つまり甘い経済成長率見通し(図表1)を前提にして作られた新たな財政健全化計画のもとでは、面倒な議論、例えば、団塊の世代が後期高齢者に突入し始める前の2022年を目途にした社会保障改革とか、負担と給付のアンバランスを見直すための消費税率10%超えの議論などは、当分、出てこないことになる。
◆図表1:金利とGDP成長率(試算では2025年まで成長率が金利を上回る)
以下では、より具体的に問題点を指摘したい。
第1に、2025年にPB黒字化というような悠長な財政健全化計画で、日銀の現在の超金融緩和策からの「出口」との関係を考えても、日本経済のリスク(危機管理)は大丈夫なのかという点だ。
金利と経済成長率の関係を見ると、「推計」では、2025年まで成長率が金利を上回ることになっている。
これを実現するためには日銀は低金利を維持せざるを得ず、金融政策に大きなプレシャーになる。ひいてはこのことは、財政赤字をファイナンスするための金融政策だという評価につながり、国債暴落のきっかけになりかねないリスクを負うことになる。
米国の長期金利(10年債)は2%弱に上昇、欧州でもイタリアが財政問題を発端にきな臭い動きを見せる中、日本だけが超金融緩和策を、今後、数年間にわたって続けるということが本当にあり得るシナリオなのだろうか。
第2に、歳出削減について、今回の健全化計画では、これまで行われてきたの予算(一般会計)との連動が断ち切られたことだ。
これでは毎年の予算編成の「よすが」がなくなってしまうので、財務省が予算を厳しく査定する「支え」がなくなってしまった。
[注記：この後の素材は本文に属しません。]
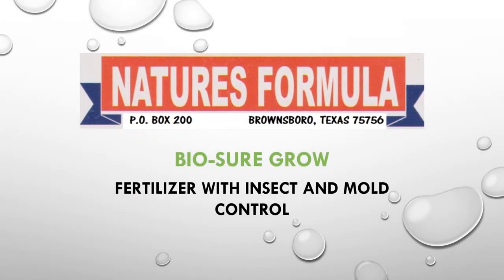Hello, my name is Payden Owens. I'm an advisor of Nature's Formula Products. This is a presentation that Nature's Formula has put together about their fertilizer called BioSureGrow.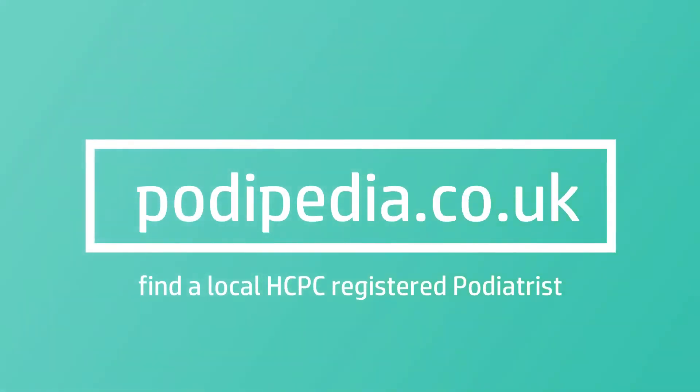So if you're worried about having a leg length difference, or maybe a health professional has recommended you see a podiatrist, use the Podipedia website and directory to find a podiatrist near you. Get assessed, work out if it's a true leg length difference, a functional leg length difference, or if anything needs to be done at all. If you like this content, hit subscribe for future videos and have a look at podipedia.co.uk for more information.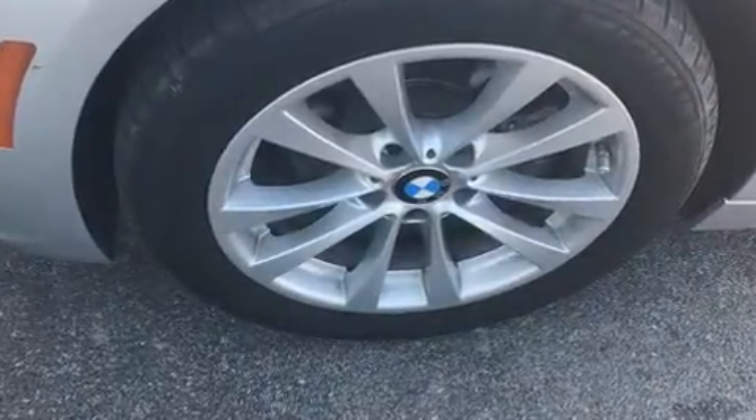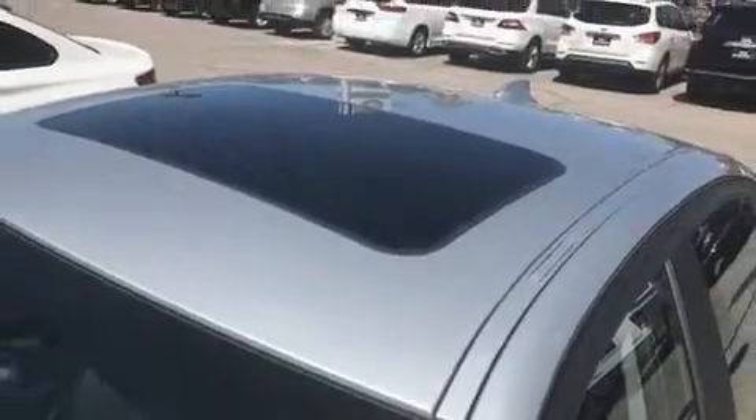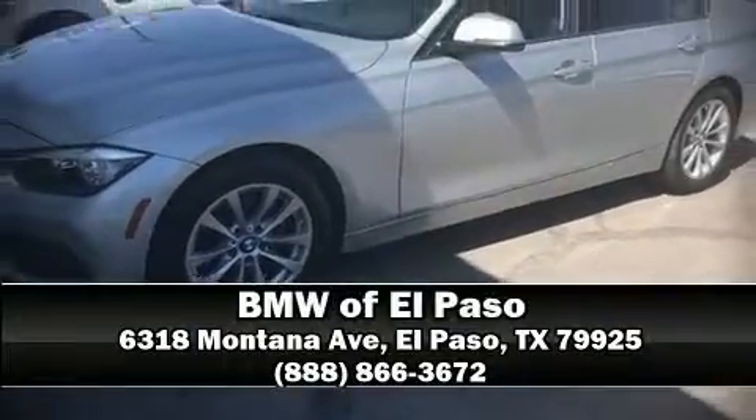This vehicle has achieved certified pre-owned status by passing BMW's rigorous certification process. Stop by our dealership or give us a call for more information.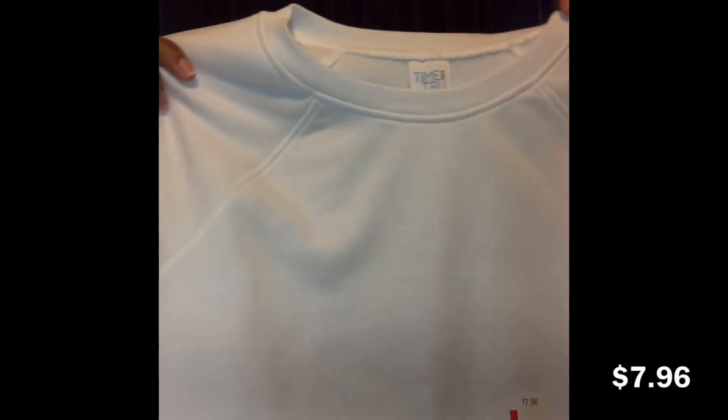I also got this white sweatshirt — just a basic long sleeve sweatshirt by the brand Time & True. It's a fleece crew and it was also $7.96. The backstory is that last year they had these sweatshirts and sweatpants and they were so cute, but every time I went to the store they were out of the color or size I wanted.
16年度から18年度の3年間、社会保障費については、自然増の7000億円を5000億まで抑え込むという一般会計レベルの具体的目標を策定したので、社会保障費の肥大化は抑えられ、結果的にそれ以外の経費も含めた一般歳出は3年間ほぼ横ばいだった。
新財政目標では、この支えががなくなったわけだ。折からの不祥事で政治への影響力が弱体化している財務省にとって、目標なき査定ではどこまで効果を発揮することができるのだろうか。
このことはは、今後の財政運営を考える場合に、ボディブローのように効いてくるかもしれない。
「消費税率10%後」の増税と
社会保障改革の論議は封じられた
最後に、PB目標を達成するための手段の一つである「歳入増の努力」については、具体的なことが全く記述されなかったとことだ。
図表2は、OECD諸国における社会保障支出と国民負担率の関係(いずれもGDP比)を見たものだが、日本は先進諸国のトレンドからすでに外れており、2025年にはさらに乖離が大きくなる。
◆図表2:OECD諸国における社会保障支出と国民負担率の関係
先進諸国の中で日本だけが、高齢化の下で、負担増なくして給付が継続できるということになっているが、これがどこまで信憑性のあることなのか。
新しい黒字化目標は、2020年代を見据えることになり、消費税率10%までは織り込まれているが、歳出削減努力や経済成長によってもなお不足する財源は、増税に頼らざるを得ない。
そのことを正直に議論することが新目標の役割だったはずだ。逆に言えば、「消費税率10%後の増税議論は当面、封じられた」ということである。
その結果、将来を見通した社会保障のグランドデザインは策定されず、パッチワークの社会保障削減策でのやりくりが続くことになる。
団塊の世代がすべて後期高齢者になる2025年というのは大きな節目である。それを前に、社会保障の在り方やそのための負担をどうするのか、国民的な議論にしていく絶好の機会を失った(失わせた)といえよう。